Set the records down again, exactly, without their images.

☆ ☆ ☆ ☆

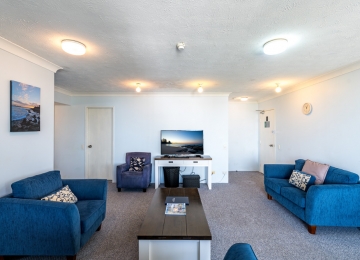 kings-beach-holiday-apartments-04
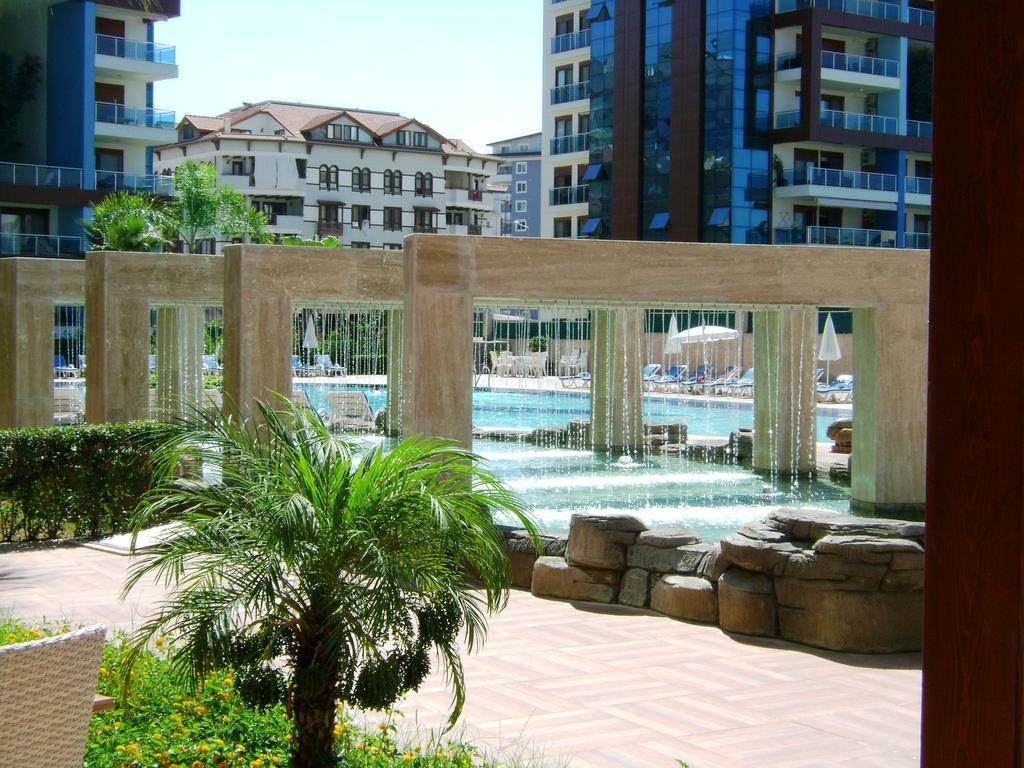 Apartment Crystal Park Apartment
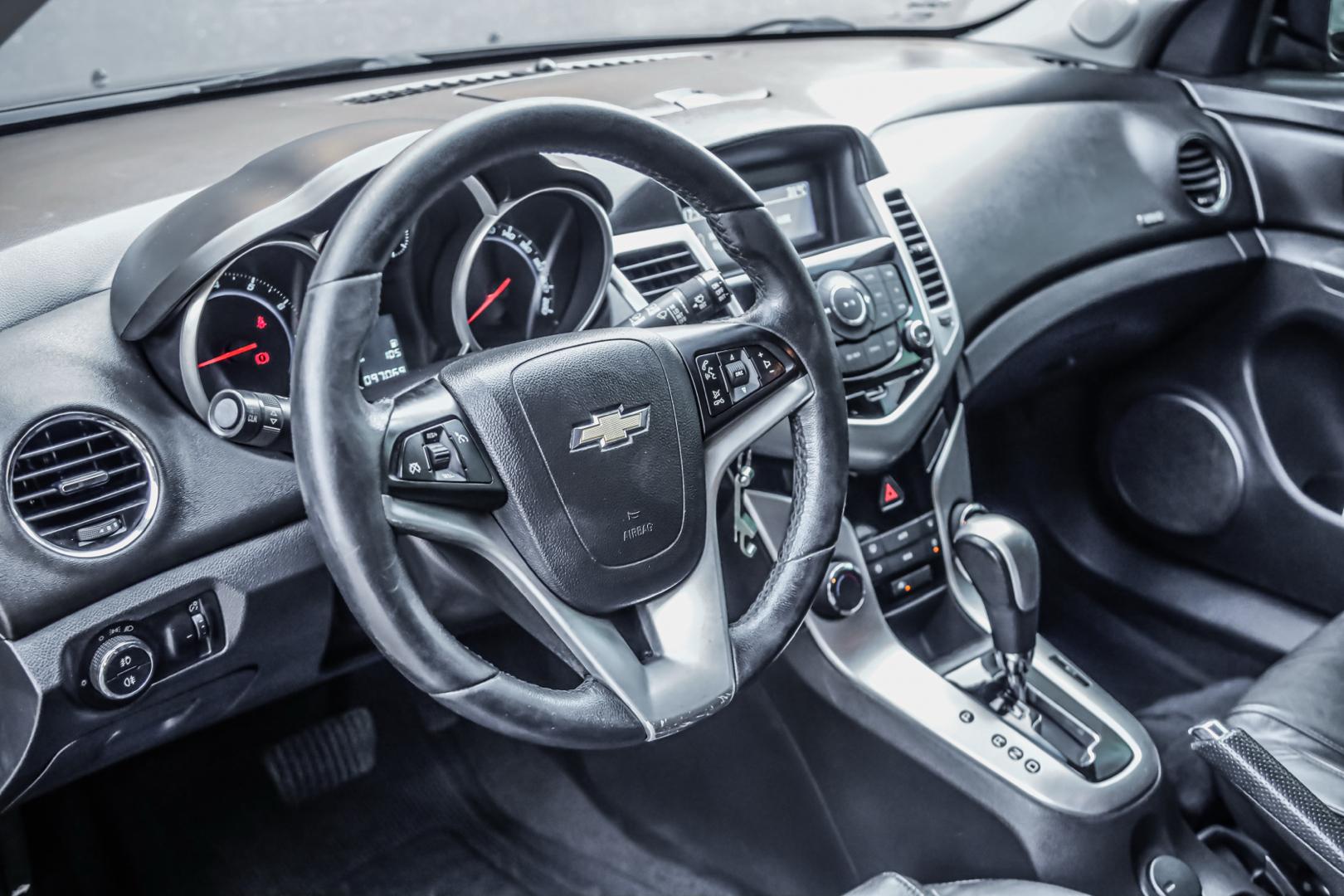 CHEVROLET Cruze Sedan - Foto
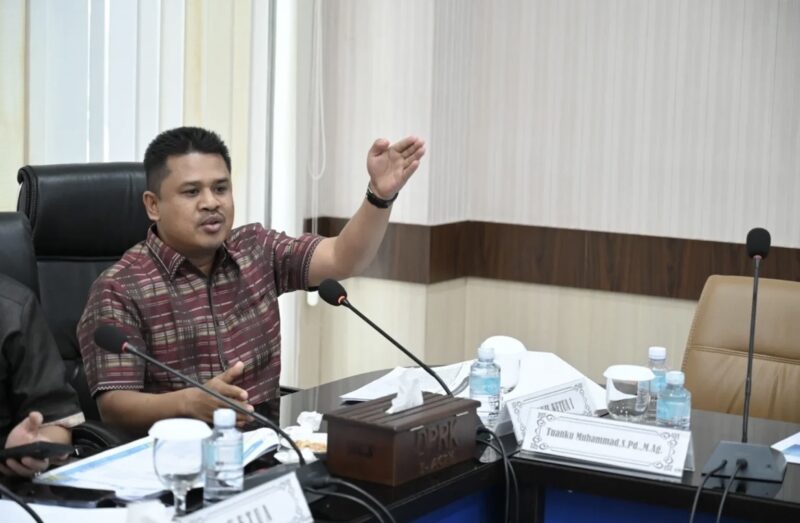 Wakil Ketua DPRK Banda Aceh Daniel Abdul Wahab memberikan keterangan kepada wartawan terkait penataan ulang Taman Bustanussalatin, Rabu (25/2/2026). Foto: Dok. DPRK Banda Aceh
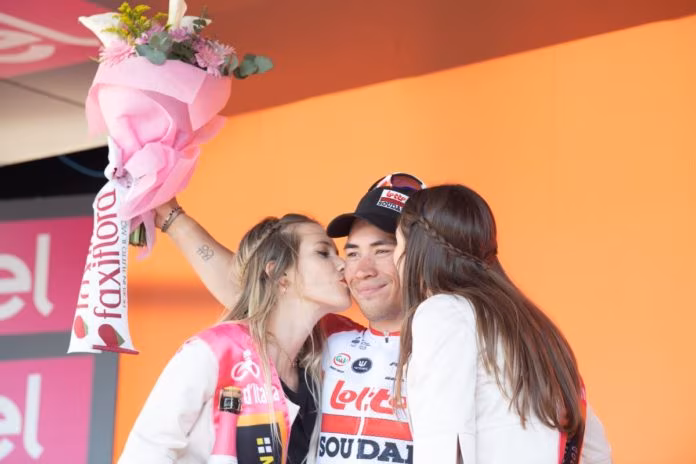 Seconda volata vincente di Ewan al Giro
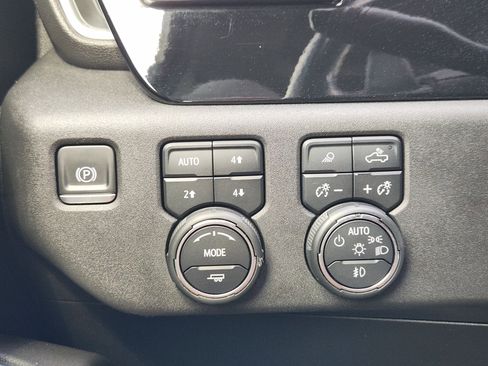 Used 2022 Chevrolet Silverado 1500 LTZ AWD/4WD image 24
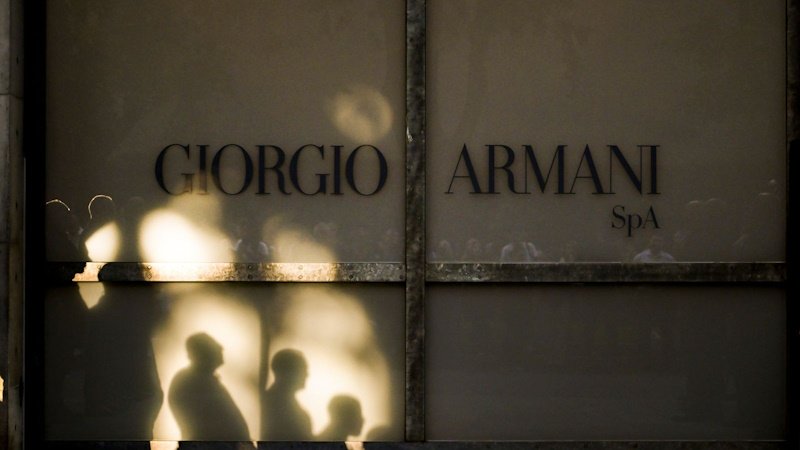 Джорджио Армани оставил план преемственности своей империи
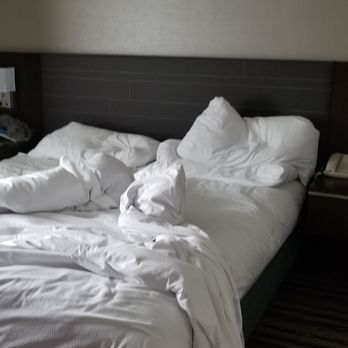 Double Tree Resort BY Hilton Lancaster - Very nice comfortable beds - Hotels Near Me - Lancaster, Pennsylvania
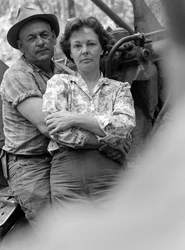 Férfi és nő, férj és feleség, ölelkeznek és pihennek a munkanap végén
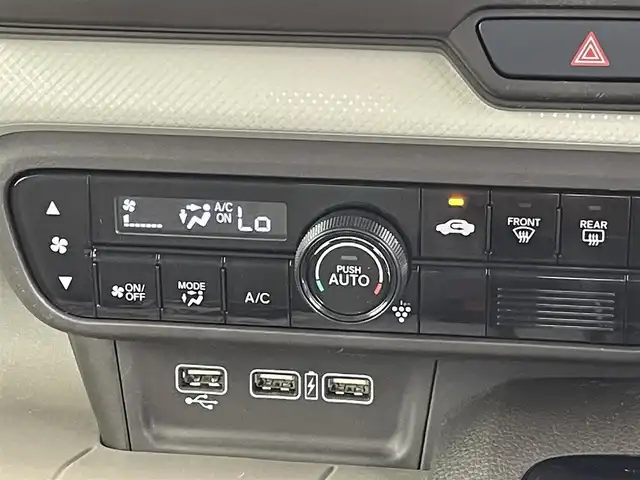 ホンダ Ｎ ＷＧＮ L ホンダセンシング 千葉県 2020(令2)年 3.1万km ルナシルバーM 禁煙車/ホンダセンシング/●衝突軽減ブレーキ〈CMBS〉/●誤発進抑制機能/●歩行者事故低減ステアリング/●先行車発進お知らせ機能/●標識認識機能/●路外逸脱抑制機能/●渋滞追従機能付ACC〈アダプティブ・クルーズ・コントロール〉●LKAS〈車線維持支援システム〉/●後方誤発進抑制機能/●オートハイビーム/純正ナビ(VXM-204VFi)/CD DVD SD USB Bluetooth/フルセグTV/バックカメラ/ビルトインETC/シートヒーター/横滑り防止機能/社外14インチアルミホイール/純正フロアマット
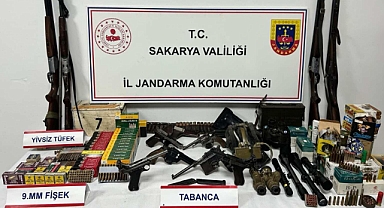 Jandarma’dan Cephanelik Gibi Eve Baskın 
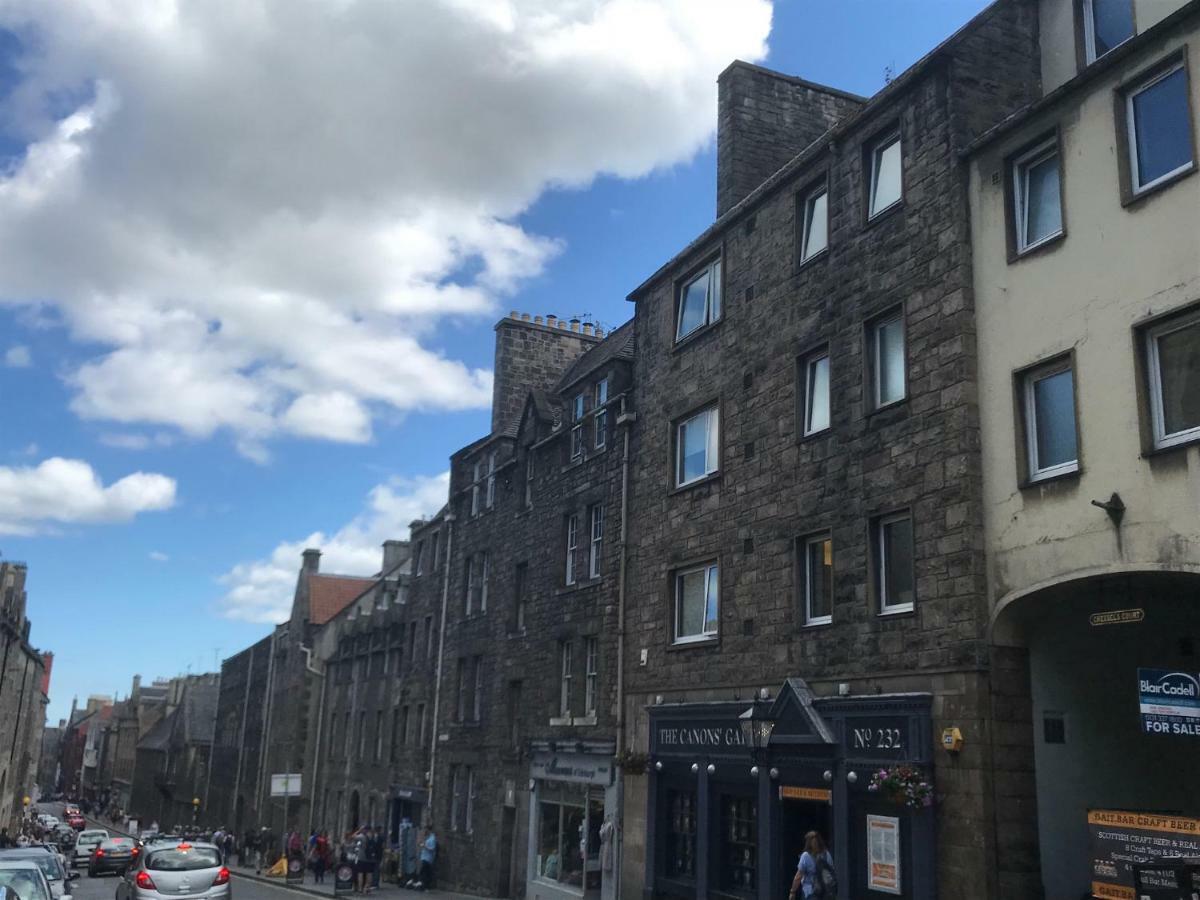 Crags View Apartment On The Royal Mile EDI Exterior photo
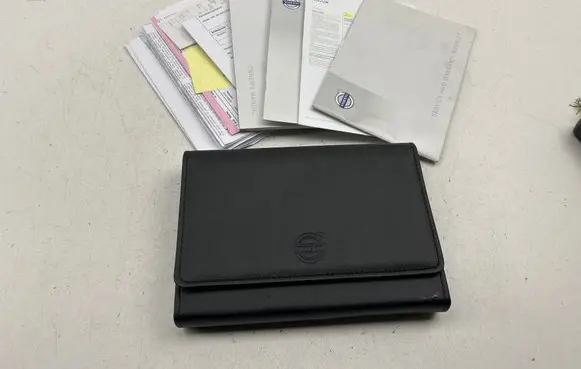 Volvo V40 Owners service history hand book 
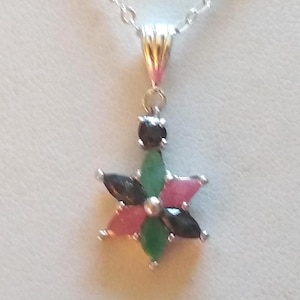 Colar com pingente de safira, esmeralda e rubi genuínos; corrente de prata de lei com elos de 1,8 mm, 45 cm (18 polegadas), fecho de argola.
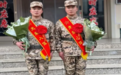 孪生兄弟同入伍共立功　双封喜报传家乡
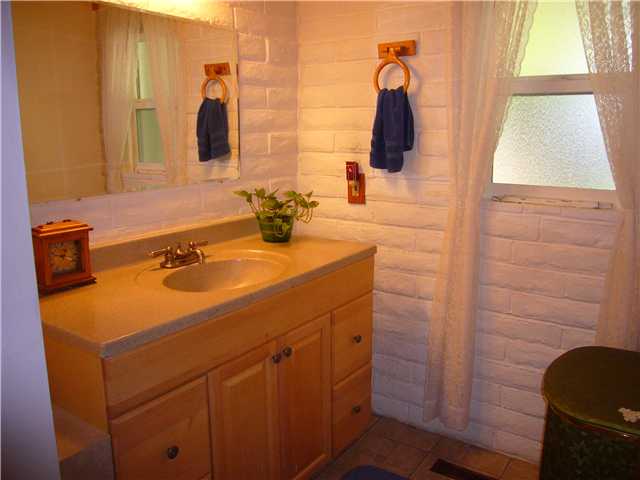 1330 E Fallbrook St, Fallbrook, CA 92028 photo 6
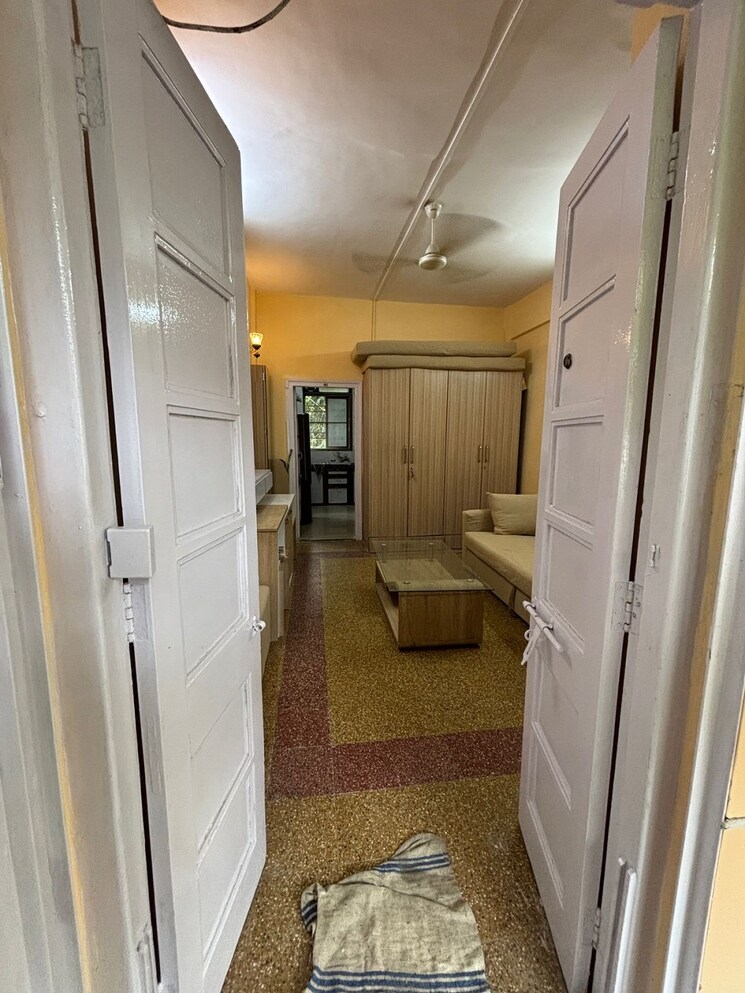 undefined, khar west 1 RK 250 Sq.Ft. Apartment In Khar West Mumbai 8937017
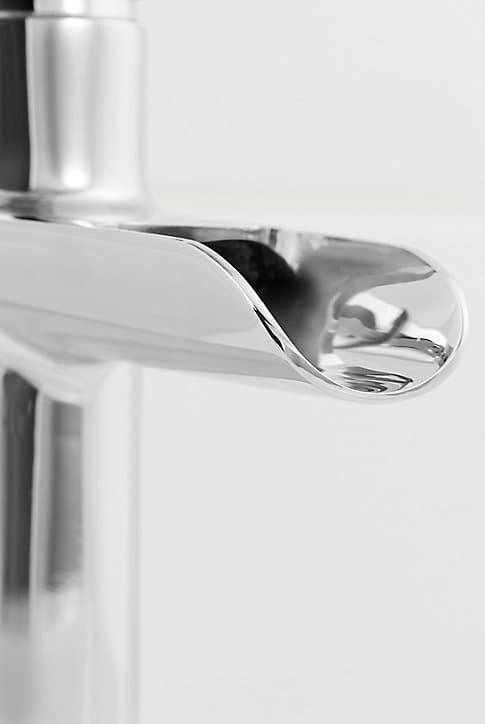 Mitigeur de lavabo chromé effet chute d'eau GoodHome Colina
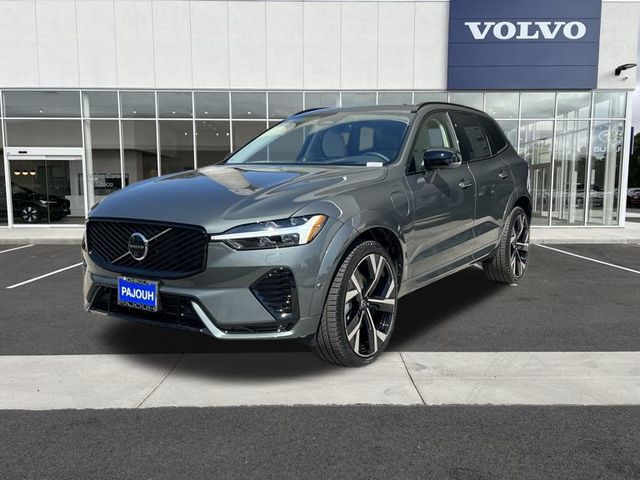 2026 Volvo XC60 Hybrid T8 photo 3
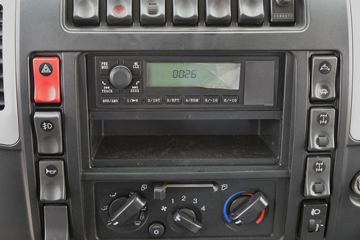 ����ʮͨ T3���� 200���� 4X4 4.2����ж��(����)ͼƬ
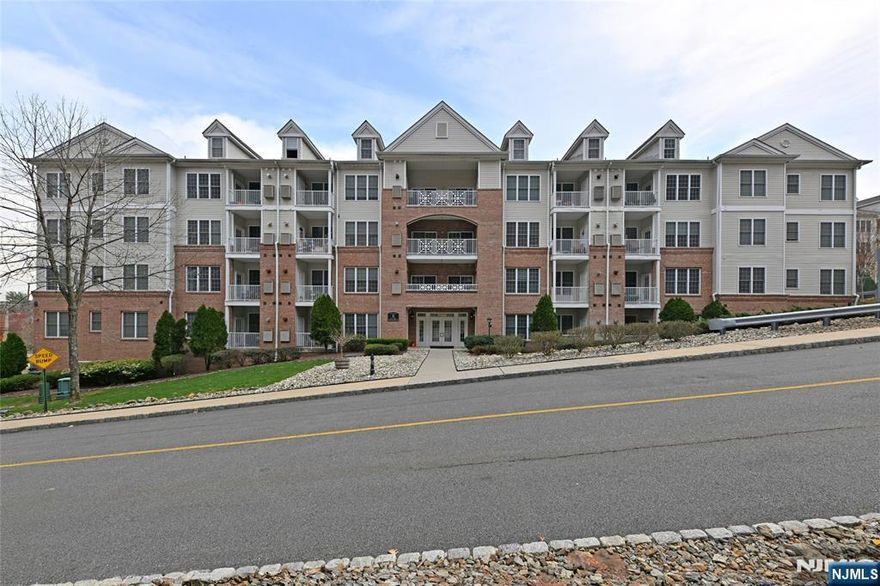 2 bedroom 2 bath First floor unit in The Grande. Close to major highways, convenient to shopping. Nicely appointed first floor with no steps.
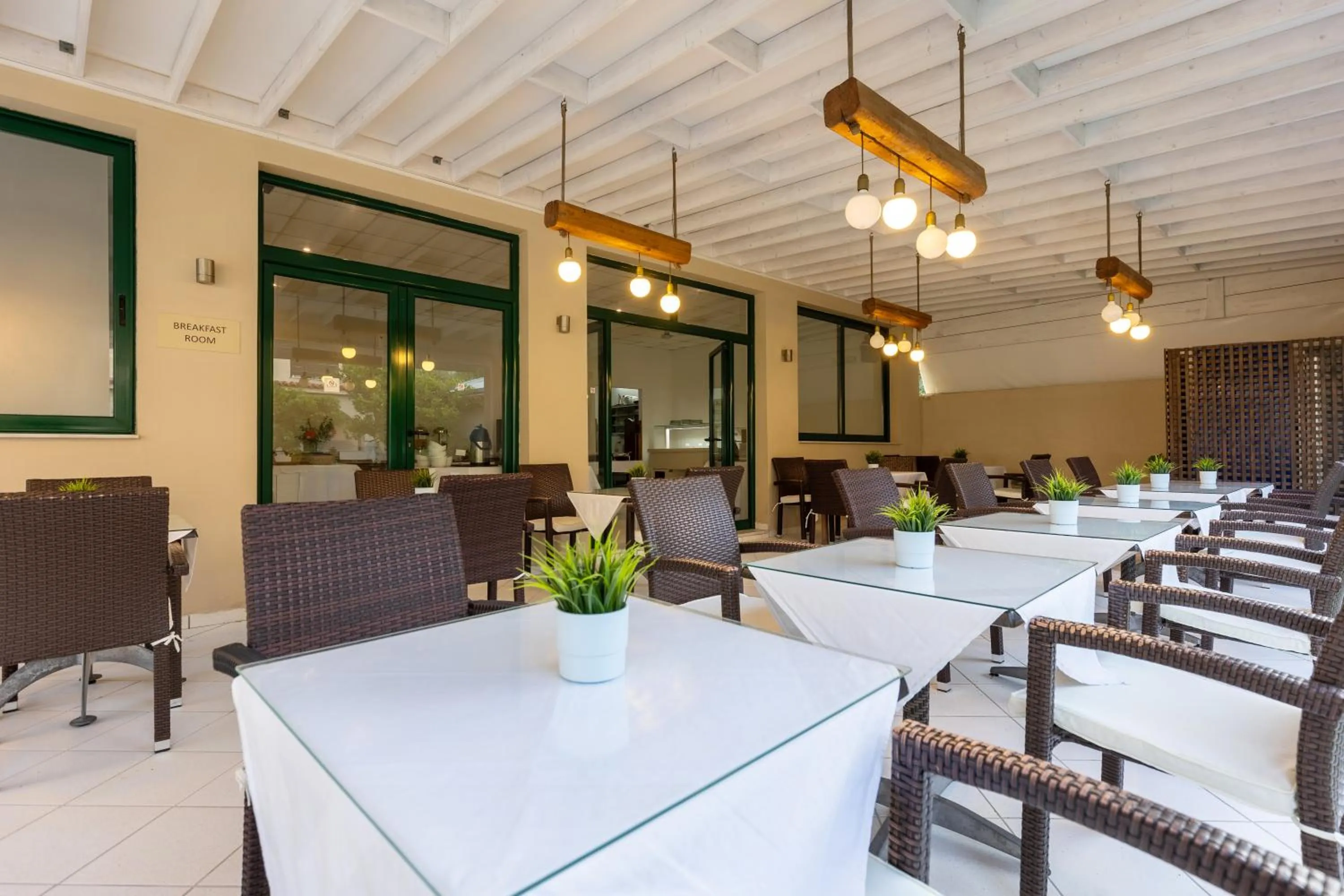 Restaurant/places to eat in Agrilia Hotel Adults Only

☆ ☆ ☆ ☆

-- Answer below --
 kings-beach-holiday-apartments-04
 Apartment Crystal Park Apartment
 CHEVROLET Cruze Sedan - Foto
 Wakil Ketua DPRK Banda Aceh Daniel Abdul Wahab memberikan keterangan kepada wartawan terkait penataan ulang Taman Bustanussalatin, Rabu (25/2/2026). Foto: Dok. DPRK Banda Aceh
 Seconda volata vincente di Ewan al Giro
 Used 2022 Chevrolet Silverado 1500 LTZ AWD/4WD image 24
 Джорджио Армани оставил план преемственности своей империи
 Double Tree Resort BY Hilton Lancaster - Very nice comfortable beds - Hotels Near Me - Lancaster, Pennsylvania
 Férfi és nő, férj és feleség, ölelkeznek és pihennek a munkanap végén
 ホンダ Ｎ ＷＧＮ L ホンダセンシング 千葉県 2020(令2)年 3.1万km ルナシルバーM 禁煙車/ホンダセンシング/●衝突軽減ブレーキ〈CMBS〉/●誤発進抑制機能/●歩行者事故低減ステアリング/●先行車発進お知らせ機能/●標識認識機能/●路外逸脱抑制機能/●渋滞追従機能付ACC〈アダプティブ・クルーズ・コントロール〉●LKAS〈車線維持支援システム〉/●後方誤発進抑制機能/●オートハイビーム/純正ナビ(VXM-204VFi)/CD DVD SD USB Bluetooth/フルセグTV/バックカメラ/ビルトインETC/シートヒーター/横滑り防止機能/社外14インチアルミホイール/純正フロアマット
 Jandarma’dan Cephanelik Gibi Eve Baskın 
 Crags View Apartment On The Royal Mile EDI Exterior photo
 Volvo V40 Owners service history hand book 
 Colar com pingente de safira, esmeralda e rubi genuínos; corrente de prata de lei com elos de 1,8 mm, 45 cm (18 polegadas), fecho de argola.
 孪生兄弟同入伍共立功　双封喜报传家乡
 1330 E Fallbrook St, Fallbrook, CA 92028 photo 6
 undefined, khar west 1 RK 250 Sq.Ft. Apartment In Khar West Mumbai 8937017
 Mitigeur de lavabo chromé effet chute d'eau GoodHome Colina
 2026 Volvo XC60 Hybrid T8 photo 3
 ����ʮͨ T3���� 200���� 4X4 4.2����ж��(����)ͼƬ
 2 bedroom 2 bath First floor unit in The Grande. Close to major highways, convenient to shopping. Nicely appointed first floor with no steps.
 Restaurant/places to eat in Agrilia Hotel Adults Only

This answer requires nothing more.